Also the designer from Mass Kobo told me if I use the 428, I have to plug the 4.4 to both 4.4 and 3.5 (for ground) of the WM1Z. Is it different with 424?


----------



## lithiumnk

Mimouille said:


> Also the designer from Mass Kobo told me if I use the 428, I have to plug the 4.4 to both 4.4 and 3.5 (for ground) of the WM1Z. Is it different with 424?


I guess the 4.4mm connector in WM1Z lacks ground.


----------



## lithiumnk

Mimouille said:


> Tell us more.


What do you want to know? Anything specific ....


----------



## Mimouille

lithiumnk said:


> What do you want to know? Anything specific ....


Well with what do you pair it in terms of source and headphones or IEMs, and what makes it so good in your opinion? Transparency? Power? Others ?


----------



## elton7033

lithiumnk said:


> I guess the 4.4mm connector in WM1Z lacks ground.

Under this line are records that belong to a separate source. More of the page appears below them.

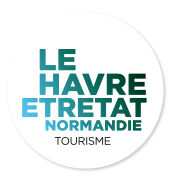 logo Le Havre Etretat Normandie tourisme
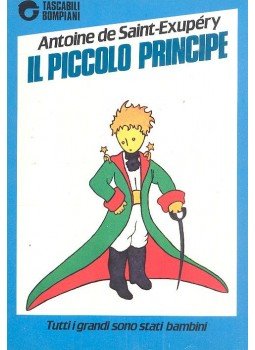 Saint-Exupéry, Antoine de - Il piccolo principe Saint-Exupéry, Antoine de - Il piccolo principe, null 1989 antikvár könyv
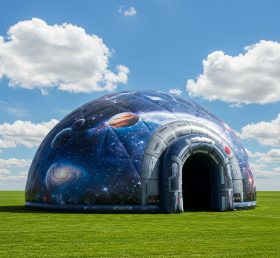 Tent1-4894 Domo Inflável Espacial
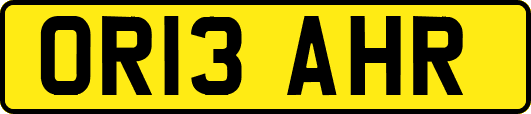 OR13AHR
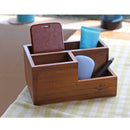 2 PCS Retro Square Wooden Flower Pot Wooden Box Woody Storage Box Multi-functional Wooden Box,Random Color Delivery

is ground important? do i need to edit a additional cable to the 3.5?


----------



## elton7033

Mimouille said:


> Also the designer from Mass Kobo told me if I use the 428, I have to plug the 4.4 to both 4.4 and 3.5 (for ground) of the WM1Z. Is it different with 424?


i am now asking him in facebook, but no reply yet


----------



## Mimouille

elton7033 said:


> i am now asking him in facebook, but no reply yet


----------



## Zhanming057 (Mar 2, 2019)

elton7033 said:


> i am now asking him in facebook, but no reply yet



You don't have to, but the additional grounding is helpful in controlling the not insignificant noise floor that these amps have. It's a problem with the 404, 424 and 428 - keep in mind that all three are effectively the same amp - and separating out the ground helps. On the 404 there is support for using the 3.5mm as a balanced ground with AK DAP's, it looks like the same option is available on the 424 with the WM1A/Z. I seem to also get some small soundstage benefits from using the 3.5mm connection on the 404 in addition to the 2.5mm TRRS.



Mimouille said:


> Well with what do you pair it in terms of source and headphones or IEMs, and what makes it so good in your opinion? Transparency? Power? Others ?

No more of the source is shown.